Quaestio 140 · Dei precetti della fortezza
Obiezione 1: Sembra che i precetti delle parti della fortezza siano dati sconvenientemente nella Legge Divina. Infatti, come la pazienza e la perseveranza sono parti della fortezza, così lo sono anche la magnificenza, la magnanimità e la fiducia, come detto sopra (Questione [128]). Ora troviamo precetti di pazienza nella Legge Divina, come anche di perseveranza. Dunque avrebbero dovuto esserci anche precetti di magnificenza e magnanimità.
Obiezione 2: Inoltre, la pazienza è una virtù molto necessaria, poiché è la custode delle altre virtù, come dice Gregorio (Hom. in Evang. xxxv). Ora le altre virtù sono comandate in modo assoluto. Dunque la pazienza non avrebbe dovuto essere comandata semplicemente, come dice Agostino (De Serm. Dom. in Monte i), quanto alla preparazione dell'animo.
Obiezione 3: Inoltre, la pazienza e la perseveranza sono parti della fortezza, come detto sopra (Questione [128]; Questione [136], Articolo [4]; Questione [137], Articolo [2]). Ora i precetti della fortezza non sono affermativi ma solo negativi, come detto sopra (Articolo [1], ad 2). Dunque i precetti della pazienza e della perseveranza avrebbero dovuto essere negativi e non affermativi.
Il contrario, tuttavia, segue dal modo in cui sono dati dalla Sacra Scrittura.
Rispondo che, La Legge Divina istruisce l'uomo perfettamente su quelle cose che sono necessarie per vivere rettamente. Ora, per vivere rettamente l'uomo ha bisogno non solo delle virtù principali, ma anche delle virtù secondarie e annesse.
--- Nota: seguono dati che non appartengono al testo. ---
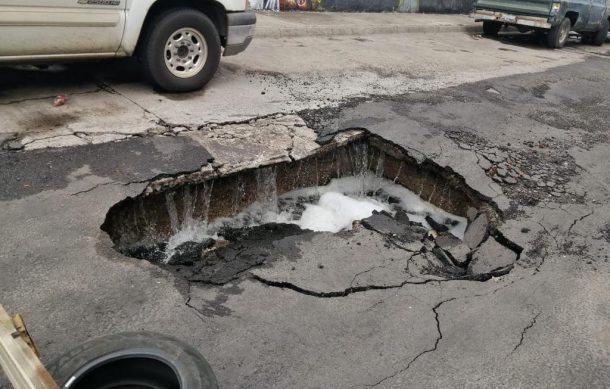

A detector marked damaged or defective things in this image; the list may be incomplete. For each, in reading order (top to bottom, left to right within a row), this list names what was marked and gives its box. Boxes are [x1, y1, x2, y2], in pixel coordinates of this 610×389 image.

broken concrete slab [464, 212, 486, 249]
broken concrete slab [468, 235, 516, 278]
crack in pavement [364, 298, 454, 384]
crack in pavement [510, 310, 540, 354]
Perciò la Legge Divina contiene precetti non solo sugli atti delle virtù principali, ma anche sugli atti delle virtù secondarie e annesse.
Risposta all'obiezione 1: La magnificenza e la magnanimità non appartengono al genere della fortezza, se non in ragione di una certa eccellenza di grandezza che esse riguardano nelle loro rispettive materie. Ora le cose che pertengono all'eccellenza rientrano nei consigli di perfezione piuttosto che sotto i precetti di obbligo. Perciò c'era bisogno di consigli, piuttosto che di precetti, sulla magnificenza e la magnanimità. D'altra parte, le difficoltà e le fatiche della vita presente pertengono alla pazienza e alla perseveranza, non in ragione di alcuna grandezza osservabile in esse, ma a motivo della natura stessa di quelle virtù. Quindi la necessità di precetti di pazienza e perseveranza.
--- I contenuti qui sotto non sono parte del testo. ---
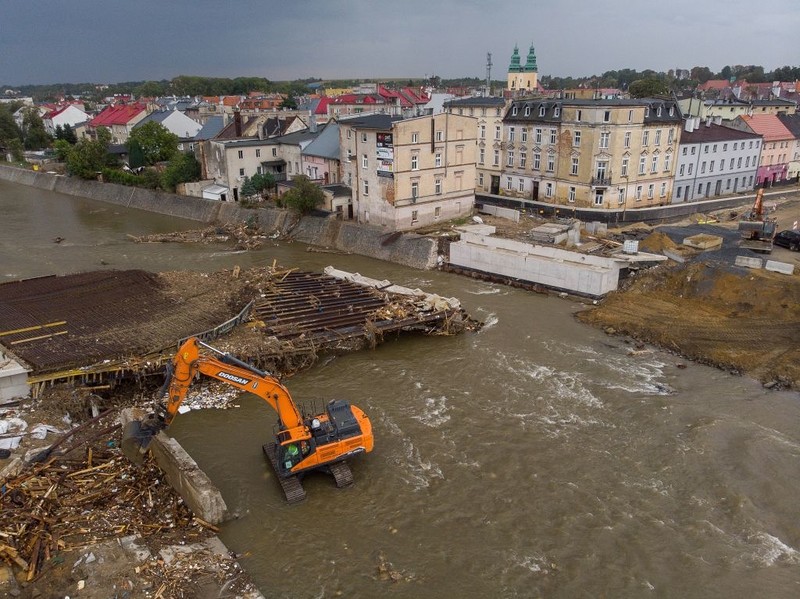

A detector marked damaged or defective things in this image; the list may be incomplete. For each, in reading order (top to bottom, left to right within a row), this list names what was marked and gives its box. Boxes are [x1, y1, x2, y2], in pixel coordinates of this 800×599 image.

broken concrete [120, 406, 230, 528]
Risposta all'obiezione 2: Come detto sopra (Questione [3], Articolo [2]), sebbene i precetti affermativi siano sempre vincolanti, non vincolano per sempre, ma secondo il luogo e il tempo. Perciò, proprio come i precetti affermativi sulle altre virtù devono essere intesi quanto alla preparazione dell'animo, nel senso che l'uomo sia pronto ad adempierli quando necessario, così anche i precetti della pazienza devono essere intesi allo stesso modo.
Risposta all'obiezione 3: La fortezza, distinta dalla pazienza e dalla perseveranza, riguarda i pericoli più grandi in cui si deve procedere con cautela; né è necessario determinare cosa si debba fare in particolare. D'altra parte, la pazienza e la perseveranza riguardano difficoltà e fatiche minori, perciò c'è meno pericolo nel determinare, specialmente in generale, cosa si debba fare in tali casi.